== Extracted records ==

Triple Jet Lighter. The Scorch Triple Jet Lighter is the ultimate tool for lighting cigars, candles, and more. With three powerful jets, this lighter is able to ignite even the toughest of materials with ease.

===
== Extracted records ==

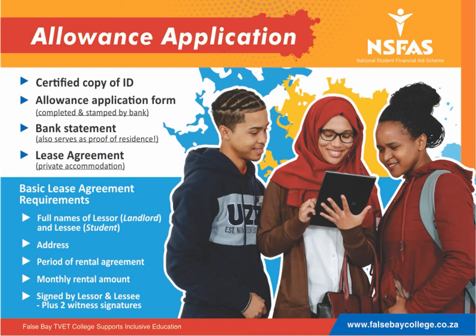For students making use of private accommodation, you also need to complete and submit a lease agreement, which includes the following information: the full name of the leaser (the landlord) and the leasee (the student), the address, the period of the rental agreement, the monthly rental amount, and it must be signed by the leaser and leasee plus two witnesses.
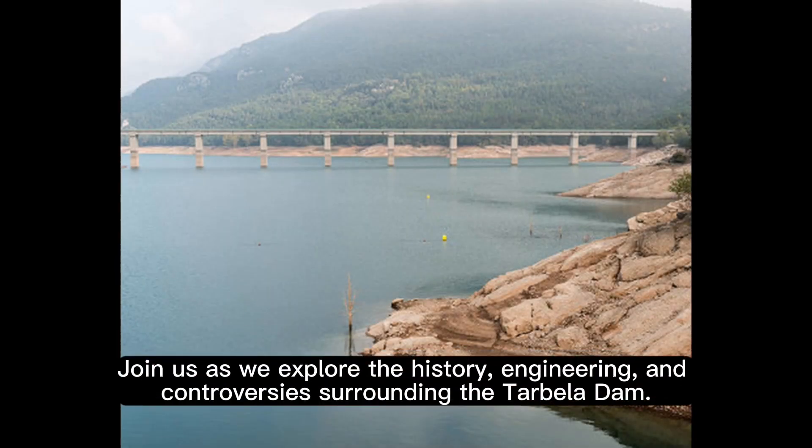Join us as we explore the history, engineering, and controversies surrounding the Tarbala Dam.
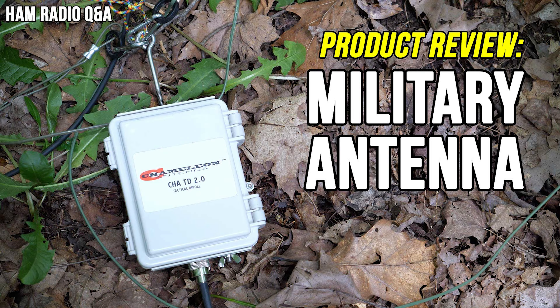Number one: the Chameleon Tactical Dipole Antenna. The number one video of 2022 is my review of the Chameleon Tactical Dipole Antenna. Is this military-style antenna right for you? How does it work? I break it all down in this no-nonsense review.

===
== Extracted records ==

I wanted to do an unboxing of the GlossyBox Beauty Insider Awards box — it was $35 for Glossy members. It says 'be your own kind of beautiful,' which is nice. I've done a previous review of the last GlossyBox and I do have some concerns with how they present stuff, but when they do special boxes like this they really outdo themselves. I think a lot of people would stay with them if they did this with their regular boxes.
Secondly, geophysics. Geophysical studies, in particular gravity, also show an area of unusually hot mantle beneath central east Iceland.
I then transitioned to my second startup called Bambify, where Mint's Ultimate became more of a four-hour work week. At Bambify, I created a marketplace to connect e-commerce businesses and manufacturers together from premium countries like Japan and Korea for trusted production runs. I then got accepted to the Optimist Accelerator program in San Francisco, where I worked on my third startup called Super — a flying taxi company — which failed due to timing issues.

===

## What the task asks
Within the material above, find the part that opens with the line containing "Join us as we" and closes with the line containing "Number one: the", and reproduce it exactly without the pictures.

## Solution for this exercise
Join us as we explore the history, engineering, and controversies surrounding the Tarbala Dam.
Number one: the Chameleon Tactical Dipole Antenna. The number one video of 2022 is my review of the Chameleon Tactical Dipole Antenna. Is this military-style antenna right for you? How does it work? I break it all down in this no-nonsense review.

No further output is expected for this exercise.